L’amministrazione provinciale di Napoli l’aveva creata nel dicembre 2005 e pompata nel tempo di fiumi di milioni di euro pubblici con lo scopo di assorbire i circa 150 lavoratori socialmente utili rimasti disoccupati dopo la liquidazione della Smartway, una partecipata della Provincia: mission la manutenzione ordinaria delle strade provinciali, un autentico disastro di conti e di gestione. E in sei anni la Social Innovation Services (Sis), interamente in mano alla Provincia, che ha provato ad agire nel campo dei servizi sociali e alla persona, pare anch’essa avviata verso il fallimento.
Lo denunciano i sindacati e i dipendenti che nella mattinata del 13 dicembre sono saliti sui tetti dello stabile dove ha sede la società, in via Nuova Poggioreale, mentre una loro delegazione è in assemblea permanente nei locali della direzione aziendale. Sono a rischio circa 165 posti di lavoro. Al termine di una odissea economica e politica che fornisce ottimi argomenti in favore di quella parte della manovra del governo Monti che prevede l’abrogazione delle province. Una vicenda che accomuna centrosinistra e centrodestra in un unico calderone relativamente alle responsabilità del dissesto.

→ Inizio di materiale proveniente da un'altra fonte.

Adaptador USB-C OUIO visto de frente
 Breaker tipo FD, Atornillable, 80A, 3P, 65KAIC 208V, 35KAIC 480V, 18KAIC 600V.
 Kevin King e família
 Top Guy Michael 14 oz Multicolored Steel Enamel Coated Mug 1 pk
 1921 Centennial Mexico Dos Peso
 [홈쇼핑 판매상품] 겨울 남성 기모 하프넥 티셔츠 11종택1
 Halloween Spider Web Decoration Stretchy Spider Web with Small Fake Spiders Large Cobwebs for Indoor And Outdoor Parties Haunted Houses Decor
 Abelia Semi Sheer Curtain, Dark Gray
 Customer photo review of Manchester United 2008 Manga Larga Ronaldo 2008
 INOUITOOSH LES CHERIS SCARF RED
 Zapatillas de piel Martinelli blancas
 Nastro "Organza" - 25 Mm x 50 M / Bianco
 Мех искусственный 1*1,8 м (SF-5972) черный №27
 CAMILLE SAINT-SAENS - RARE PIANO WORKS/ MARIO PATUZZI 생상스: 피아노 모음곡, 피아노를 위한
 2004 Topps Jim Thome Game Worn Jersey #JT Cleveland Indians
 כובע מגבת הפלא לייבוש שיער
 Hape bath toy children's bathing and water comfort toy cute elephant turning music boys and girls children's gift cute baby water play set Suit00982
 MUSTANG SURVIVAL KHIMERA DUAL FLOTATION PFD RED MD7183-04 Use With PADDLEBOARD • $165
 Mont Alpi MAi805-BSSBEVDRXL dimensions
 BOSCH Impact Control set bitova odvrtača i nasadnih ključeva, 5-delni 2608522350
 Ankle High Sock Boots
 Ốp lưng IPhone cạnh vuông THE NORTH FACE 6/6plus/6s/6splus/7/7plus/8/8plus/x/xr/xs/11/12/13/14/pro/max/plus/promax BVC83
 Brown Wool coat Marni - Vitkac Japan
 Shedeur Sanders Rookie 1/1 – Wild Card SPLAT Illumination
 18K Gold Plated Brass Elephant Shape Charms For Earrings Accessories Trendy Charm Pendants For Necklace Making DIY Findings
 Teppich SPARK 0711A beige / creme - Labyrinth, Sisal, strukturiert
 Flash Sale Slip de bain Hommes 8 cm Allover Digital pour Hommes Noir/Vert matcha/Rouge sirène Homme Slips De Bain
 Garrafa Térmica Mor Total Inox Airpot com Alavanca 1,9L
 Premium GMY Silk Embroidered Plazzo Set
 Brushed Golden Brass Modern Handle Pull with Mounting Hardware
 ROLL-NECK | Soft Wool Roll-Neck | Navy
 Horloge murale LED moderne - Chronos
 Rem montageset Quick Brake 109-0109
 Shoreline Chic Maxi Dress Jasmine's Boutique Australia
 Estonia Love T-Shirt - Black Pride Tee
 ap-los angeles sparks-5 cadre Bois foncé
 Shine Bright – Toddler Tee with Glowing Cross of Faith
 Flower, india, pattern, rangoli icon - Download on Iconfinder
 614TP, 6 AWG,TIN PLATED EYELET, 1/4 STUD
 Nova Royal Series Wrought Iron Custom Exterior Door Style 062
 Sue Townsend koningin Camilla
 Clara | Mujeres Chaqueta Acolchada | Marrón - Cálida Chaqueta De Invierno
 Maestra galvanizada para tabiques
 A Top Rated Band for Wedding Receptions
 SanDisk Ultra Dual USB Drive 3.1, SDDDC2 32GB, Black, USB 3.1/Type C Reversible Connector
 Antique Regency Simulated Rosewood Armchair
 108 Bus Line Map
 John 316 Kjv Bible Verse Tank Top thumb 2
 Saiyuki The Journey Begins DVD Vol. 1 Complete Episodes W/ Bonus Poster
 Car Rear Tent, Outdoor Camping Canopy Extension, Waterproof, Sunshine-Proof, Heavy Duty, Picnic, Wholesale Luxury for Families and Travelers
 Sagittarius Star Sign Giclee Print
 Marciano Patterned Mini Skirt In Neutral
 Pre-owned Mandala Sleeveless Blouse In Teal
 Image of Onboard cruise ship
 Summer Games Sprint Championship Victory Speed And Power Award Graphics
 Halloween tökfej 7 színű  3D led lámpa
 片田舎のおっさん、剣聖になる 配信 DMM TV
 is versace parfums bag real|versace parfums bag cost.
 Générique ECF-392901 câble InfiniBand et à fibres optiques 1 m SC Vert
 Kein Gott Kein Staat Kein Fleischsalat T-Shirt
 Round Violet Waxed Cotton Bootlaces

Perché la Sis subentrò alla chiusura di Smartway prodotta col centrosinistra, e nacque fragile col centrosinistra (giunta del verde bassoliniano Dino Di Palma, oggi dirigente di Sel). Ed è andata avanti verso il baratro con il centrodestra (giunta del berlusconiano Luigi Cesaro, recentemente indagato nell’ambito dell’inchiesta su collusioni tra politica e camorra culminata in una richiesta di arresto alla Camera per Nicola Cosentino).
Capitale sociale ridotto da 2 milioni di euro a 120.000 euro, perdite per 1.283.000 euro al 30 settembre 2010, che sarebbero lievitate a oltre 2 milioni nell’anno che sta per concludersi, la Sis appare come un esempio di cattiva gestione e di sprechi, con poche mansioni da svolgere e diversi superstipendi da erogare. Il 29 novembre il consiglio provinciale ha approvato l’ennesima ricapitalizzazione salva-azienda. Subordinandola, però, all’approvazione di un piano industriale che riducesse il monte retribuzioni e rimettesse in carreggiata finanze e produttività della società pubblica. La delibera non è piaciuta alle rappresentanze dei lavoratori. “Le soluzioni proposte dalla proprietà per evitare il fallimento dell’azienda – si legge in un comunicato congiunto di Cgil – Filcams Fisascat – Cisl Uiltucs Cobas Lavoro Privato Sll Uap Ugl Usb – implicano un pesante taglio agli stipendi dei lavoratori, senza peraltro offrire alcuna prospettiva certa di rilancio aziendale, non esistendo all’oggi alcune ipotesi credibili in ordine a quali commesse affidarle e, soprattutto, con quali risorse finanziarie”.
Secondo i sindacati, la crisi di Sis è “l’epilogo di una vicenda che ha vista questa, come altre società, amministrata all’insegna del malaffare (assunzioni clientelari, spreco di denaro pubblico e incapacità gestionale) e del progressivo svuotamento di funzioni da parte della proprietà”. Captando le voci dei lavoratori, le proteste puntano il dito su un’infornata di assunzioni avvenuta nel 2009 – mentre agonizzava il centrosinistra di Di Palma – senza adeguate coperture finanziarie. Il resto lo avrebbe compiuto il centrodestra di Cesaro, sottraendo a Sis il servizio di trasporto dei disabili e facendo svolgere solo i servizi di vigilanza scolastica. Producendo nei bilanci – affermano i lavoratori in assemblea permanente – un danno di oltre un milione di euro.